Friday, October 16, 2009

Another Moses butt kicking


I have been humbled this past week...again through the story of Moses. I was in the shower (this is where the majority of my good thoughts come from, which is part of why I take insanely long showers). I was having an honest conversation with the Lord about adoption & some of the other ventures going on in our life right now. I was feeling discouraged because some of these things are not coming as easily and naturally as I had hoped. I asked the Lord specifically about our adoption journey. "Lord, I'm getting frustrated! All this raising money, waiting, fumbling our way through... is this really what you want? If it is I'm willing push ahead but I don't want to forge a way that you haven't designed."

I was reminded of God coming to Moses and telling him "Come now, therefore and I will send you to Pharaoh that you may bring My people, the children of Israel out of Egypt." After initial reluctance, Moses went to Pharaoh. And man, it was not easy! He knew God had hardened Pharaoh's heart and that God was going to be showing signs and wonders, but this hard? And this scary? Lives hung in balance, plagues, bloody water, and rebellion saturated Egypt. Eesh. Really God?
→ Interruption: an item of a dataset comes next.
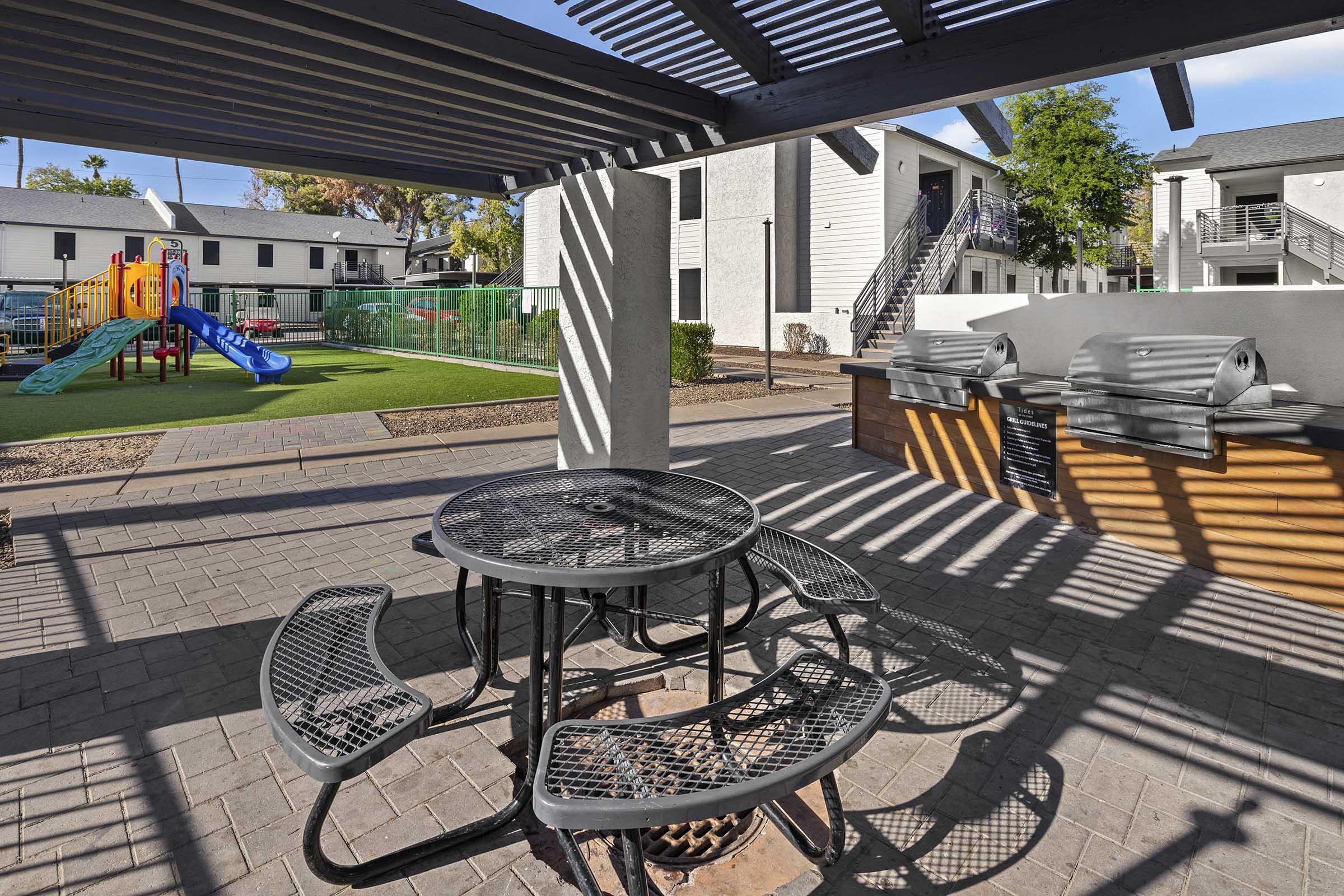 A shaded outdoor seating area with a black metal table and benches, overlooking a playground with colorful equipment and a grassy area. In the background, there are apartment buildings and a BBQ grill setup near the seating, under a pergola.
That's your plan?

If I were in Moses' position I would make the assumption, "If I'm willing to obey God things will come together quickly and smoothly." In my life experience God has been very gracious to bless me when I obey. I have seen it countless times in my own little family and in my parent's lives. We honor God and he gives some fantastic provisions in fun and surprising ways: groceries dropped off on the counter, the gift of a car (and that's happened more than once!), ministries funded, children born, and I've even watched children adopted into my family quickly and miraculously.

As I ran up our hot water bill in the shower I realized that because I've seen God work quickly in big ways, I've drawn wrong conclusions about the way God "always" operates in my life. God did free the Israelites. He did get them to the Promised Land. He did use Moses and Moses did obey. But the goal wasn't only to get from point A to point B! God had a purpose bigger than milk and honey. He had to establish the Israelites as His people. He had to reveal Himself, His character, His authority to these people. They had been slaves and assimilated into a culture that was not their own. Now God had to set them apart. He gave them the Law, He gave them passion, goal, understanding of who they served. Egypt is embarrassingly close to the Promised Land. There is no way that journey had to take 40 years. Yet it did. Because the goal wasn't merely to get from point A to point B.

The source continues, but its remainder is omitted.